# How to perform backward pass only on sample with minimum loss and improve performance?

Hi all,
I am training a GAN for time series prediction. During training, I sample `n_samples` predictions and backpropagate the L2-loss for the best sample.

``````for _ in range(n_samples):
out = net(x)
loss = lossfunc(x,y)
l2_loss = l2_loss.append(loss)

l2_loss.stack( l2_loss )
min_loss = torch.min( l2_loss )
min_loss.backward()
``````

When I call `min_loss.backward()`, the time for calculating the backward pass grows linear with `n_samples`. However, the gradient for the non minimum losses should be 0 and not considered for optimisation. I only want to backpropagate the L2-loss for the best sample.
Therefore, I do not understand why the calculation time increases and does not stay constant? Does `.backward()` also calculate all gradients even if they are not used? Is there a way to make my code more efficient and detach all non minimum losses?

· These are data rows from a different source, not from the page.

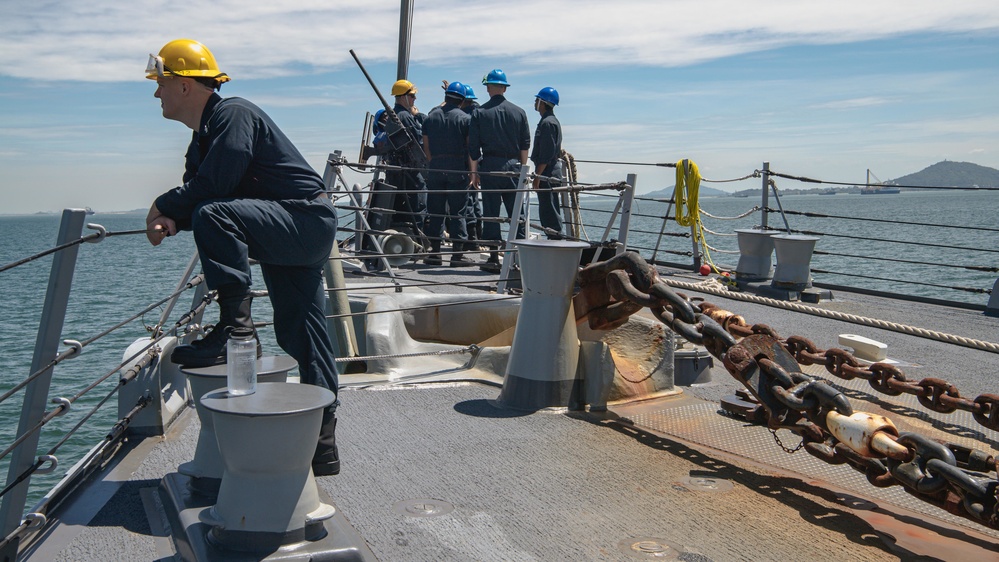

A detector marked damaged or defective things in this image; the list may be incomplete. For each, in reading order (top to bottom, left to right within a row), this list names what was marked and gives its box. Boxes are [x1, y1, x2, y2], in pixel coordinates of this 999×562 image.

rusty chain [580, 252, 999, 532]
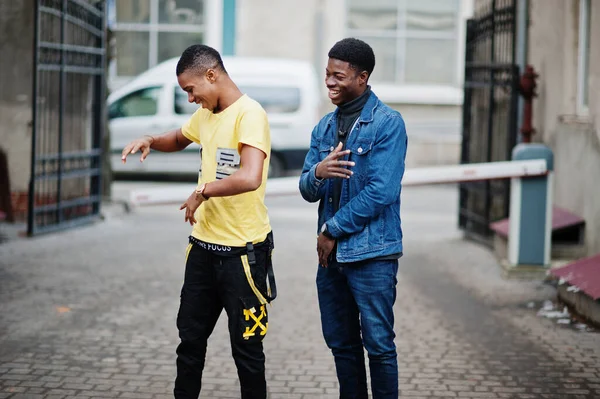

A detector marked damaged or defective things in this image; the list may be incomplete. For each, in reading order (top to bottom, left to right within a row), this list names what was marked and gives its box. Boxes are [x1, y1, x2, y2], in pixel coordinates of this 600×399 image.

rusty metal post [516, 64, 536, 142]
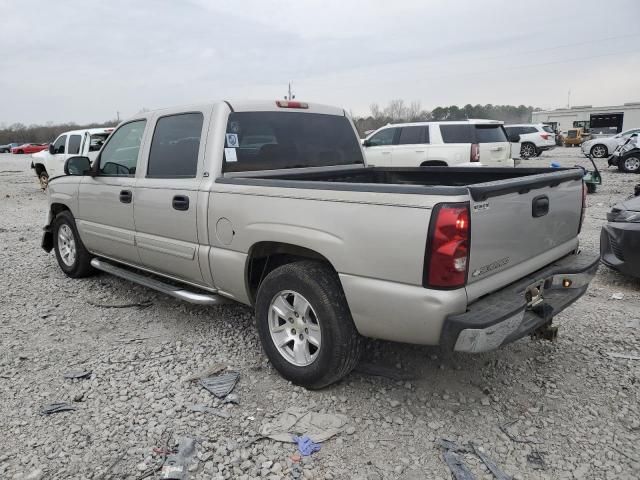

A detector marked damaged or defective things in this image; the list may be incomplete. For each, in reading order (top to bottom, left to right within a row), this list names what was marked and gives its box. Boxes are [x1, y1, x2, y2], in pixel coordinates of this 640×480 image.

damaged vehicle [41, 99, 600, 388]
damaged vehicle [600, 193, 640, 280]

As far as I know backward computes the gradients all the way back to the leave nodes. I mean, there’s no way for `backward` knowing which particular gradients you are interested in and when. Maybe the simplest way for computing the gradients you are interested in is doing it semi-automatically via the `grad` function:

``````from torch.autograd import grad

d_a_b = grad(a, b, retain_graph=True)
d_a_c = grad(a, c, retain_graph=True)
...
``````

Then use `d_a_b` etc. to update the weights

This thread Disconnected Gradient in Pytorch might be helpful. It discusses why you would do what @rasbt described and/or detach each time in the loop.

How about instead of using the function `torch.min` to obtain `min_loss`, compare the value of the loss and keep the min_loss in the loop. Then, at the end call `.backward()`on `min_loss` :

``````min_loss_value= 99.00
for _ in range(n_samples):
out = net(x)
loss = lossfunc(x,y)
if oss.detach() < min_loss_value:
min_loss = loss
min_loss_value = loss.detach()

min_loss.backward()
``````

I think this way, you definitely have only one loss to compute its gradients. But I guess when you use `torch.min()` the gradients for others in the list may still be computed. So, basically, autograd computes the gradients on `torch.max` and `torch.min`. For example, if we have a tensor with elements `[1, 2, 3]`, then `torch.max()` will retrieve the max value, but there is a tensor of gradients which `[0, 0, 1]`. These gradient values are like the effect of each element on the output of `torch.max()`.